Watching zero blocks
When I was looking at my file server backup, in the end it suddenly shot up about 100GB within the hour. I had the idea that it had found a large number of zero blocks. Browsing through the VI client performance graphs, I found this graph:
As you can see in the graph above, the file server encountered a massive amount of null blocks. This hop in the graph is nowhere else to be seen in the performance graphs; only when I looked at the “virtual disk” counters at the read rate (not the default latency graphs) this “feature” popped up. It is safe to assume that at over 200MB/sec read speed vSphere “just knows” it’s a null block and does not bother to get it from disk (I l-o-v-e CBT).
Looking at the measurements above, it becomes clear that running multiple backup streams in parallel can help, at least in a tiny environment as this one.
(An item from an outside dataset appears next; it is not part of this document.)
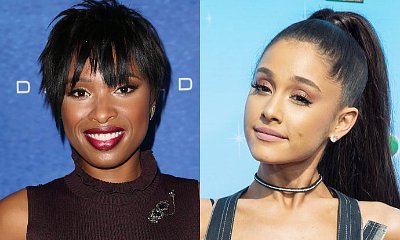 Jennifer Hudson Promises to Record a Song With Ariana Grande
I guess you’ll have to decide what is more important: Increased backup speeds or a single dedup store (meaning less disk space required). No matter what you prefer; it is important to at least know that performance might benefit from using multiple backup streams in parallel (even on very weak CPUs).
When you have weak CPUs, setting the compression to “low” in Veeam will help as well, possibly even better when you run multiple jobs in parallel. But do not forget that there is quite a big backup size increase involved (I saw a size increase of over 38%!).